On rare occasion, opportunity knocks with a loud, thunderous roar. More often, however, it’s a soft tap on the edges of your consciousness. Being attune to that more subtle presence requires your active participation in the process. Explore. Ask questions. Build a network of peers – both professional and personal. Read. Listen. Learn.
Write it down
Keeping a journal and reviewing it from time to time can help you identify sparks of an idea. Write about your challenges. Write about your dreams. Don’t self-edit. Even the most fanciful dream can contain a nugget of real opportunity. As you re-read your notes, highlight the things that represent opportunities. Take notes about potential solutions for the challenges you listed. Draft a bullet-pointed plan on what it could take to bring your ideas to life.
Don’t be Goldilocks
We all know the story of the girl who invaded the home of three bears. Goldilocks made her way from food, to chair, to bed looking for the perfect fit. She discarded that which was too hot, too big, too soft, too firm, and settled only for what was “just right.” The thing about opportunity, however, is that it may require you to stretch and grow. Be open to the imperfect. Be prepared to take on a challenge that will require you to develop new skill sets or improve on skills you consider yourself more novice at.
Try, fall, and try again
The pathway to success can take many detours. To succeed, you may need to fail
. Be willing to step up to the plate and strike out. Dust yourself off, evaluate what worked and what didn’t. Then move on.

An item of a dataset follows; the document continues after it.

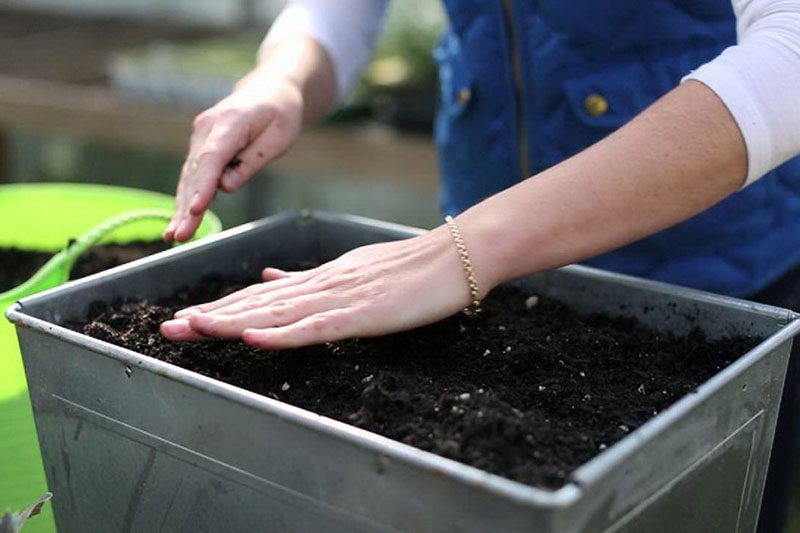 préparation de conteneur pour la plantation d'agapanthes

You may decide to tackle the opportunity from a new vantage point or you may collect your lessons learned and move on to the next thing. Whether something is a success or failure is just a matter of perspective. Even if this venture doesn’t progress forward, you did garner new skills and experience that will better equip you for your next attempt.
Nix the self-doubt
Do you keep yourself from starting new projects because you know you’ll fail? Consider replacing your limiting beliefs with more positive alternatives.
You can start by noticing what you say to yourself and making changes to negative statements. For example, if you begin to tell yourself you’re not good at something, stop, and rephrase that statement. Instead tell yourself that no one is good at anything the first time they try it and decide you are going to try something new. Once you’ve been presented with opportunity, take advantage of it.